The highest water quality is widely believed to be pure water: H20 and nothing else. But in fact, good-tasting, natural water is full of chemicals. Water is one of the most powerful solvents found in nature, capable of dissolving and containing a wide variety of elements, minerals, and other compounds. Ground water quality chemistry is the study of the chemicals and particles found in ground water. Some of the materials found in naturally occurring water - called solutes - are classified as pollutants because they can harm human health. But other solutes are essential to health, and even improve the taste of water.

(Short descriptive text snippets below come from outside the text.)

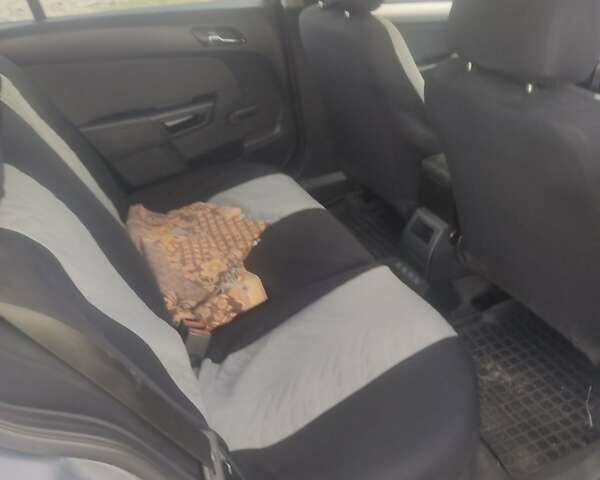 Серый Опель Астра, объемом двигателя 1.3 л и пробегом 280 тыс. км за 4000 $, фото 8 на Automoto.ua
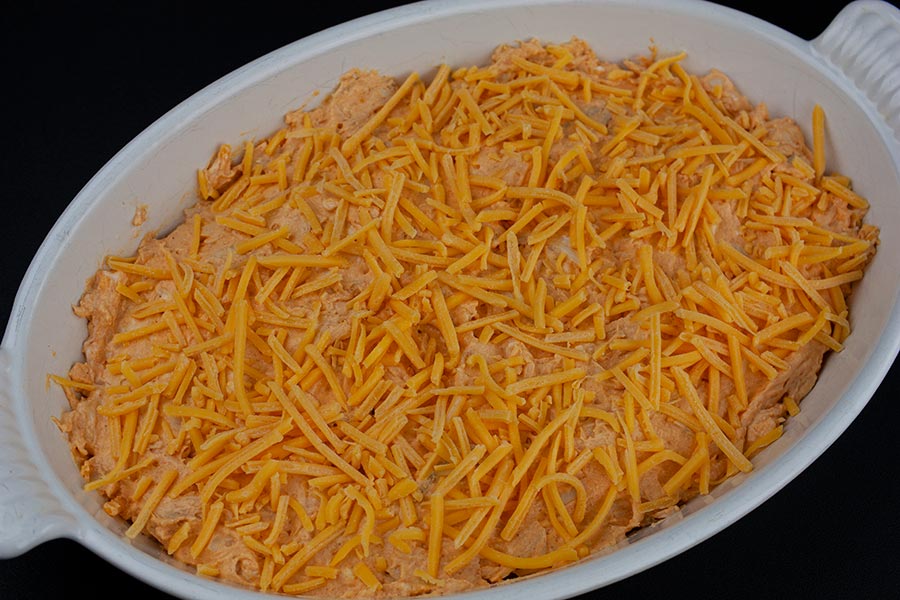 Buffalo Chicken Dip - unbaked dip in a white casserole dish topped with cheddar cheese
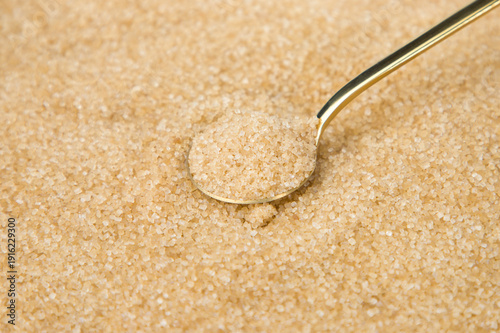 Φωτογραφία Brown sugar in a spoon on brown cane sugar background. Close up.
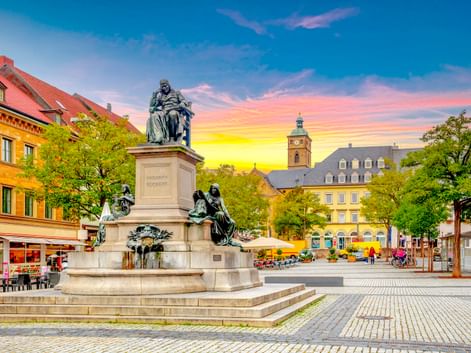 Historic market square in Schweinfurt with monument, colorful buildings, church tower, and cobblestone pavement under a vibrant sunset sky.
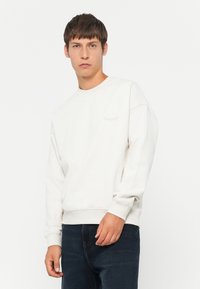 Sudadera blanca con cuello redondo y puños acanalados, que presenta un logotipo bordado tonal en el pecho. Combinada con jeans de mezclilla oscura.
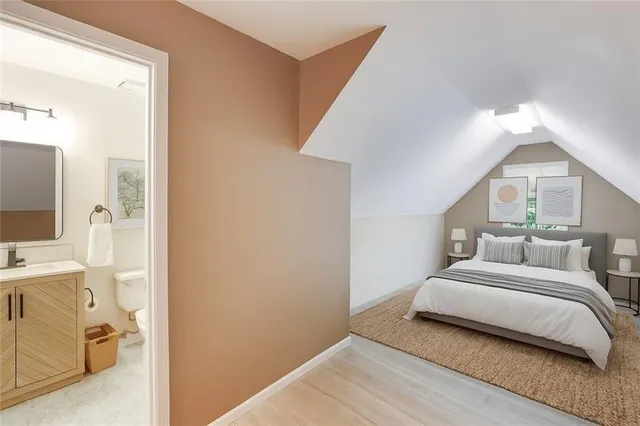 a bedroom with a bed and a view of bathroom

"Water chemistry" is the profile of all the chemicals dissolved in a given sample of ground water - water which has fallen as rain and flowed through soil. By analyzing the kinds and proportions of chemicals found in ground water, hydrologists can estimate where the ground water sample came from; the path it took from the moment it hit the earth until the sample was collected; and even how long it took the ground water sample to make the trip.
Most ground water chemistry activity occurs in the soil zone, the layer of dirt, clay, and rocks that lies atop the water table (or aquifer). From the moment ground water falls as rain and begins to filter through soil, it dissolves carbon dioxide created by decomposition of organic materials in the soil. A weak acid is formed which helps dissolve other minerals in the ground water. Evaporation and plants draw off some of the ground water, increasing the concentrations of chemicals. Ground water acquires most of its solutes by the time it reaches the aquifer beneath the soil zone. The aquifer is a sort of liquid highway that may carry ground water vast distances before it reaches the surface again.

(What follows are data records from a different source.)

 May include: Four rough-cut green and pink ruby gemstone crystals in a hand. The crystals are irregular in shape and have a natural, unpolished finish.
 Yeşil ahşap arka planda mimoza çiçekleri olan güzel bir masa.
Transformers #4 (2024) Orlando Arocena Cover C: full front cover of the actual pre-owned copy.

Only seven solutes make up 95 percent of all ground water chemistry. They include calcium (CA); magnesium (Mg); sodium (Na); potassium (K); chloride (Cl); sulfate (SO4); and bicarbonate (HCO3). In addition to these dominant solutes, small quantities of trace elements and isotopes of solutes dissolve in ground water. The concentrations of these trace elements and isotopes compared to known deposits of minerals and pollutants tell hydrologists much about the path taken by ground water.
The mineralogy of aquifers can be broadly classified as reactive or non-reactive. Ground water chemistry changes greatly when water passes through an aquifer containing highly reactive minerals such as limestone, gypsum, halite (common salt), etc. Non-reactive materials such as sand and gravel leave ground water chemistry relatively unchanged.
Ground water chemistry is affected when water enters an aquifer through precipitation, seepage from surface waters such as rivers, or as ground water underflow from neighboring aquifers deep underground. Ground water chemistry differs depending on the source of water; the degree to which it has evaporated; the types or rock and minerals it has encountered; and the length of time it has been in contact with reactive minerals.
Ground water quality chemistry, combined with many other types of geological data, help hydrologists estimate the extent of aquifers; the flow of water through aquifers; the degree to which waters from different sources mix within an aquifer; and the sources of pollutants as well as beneficial solutes.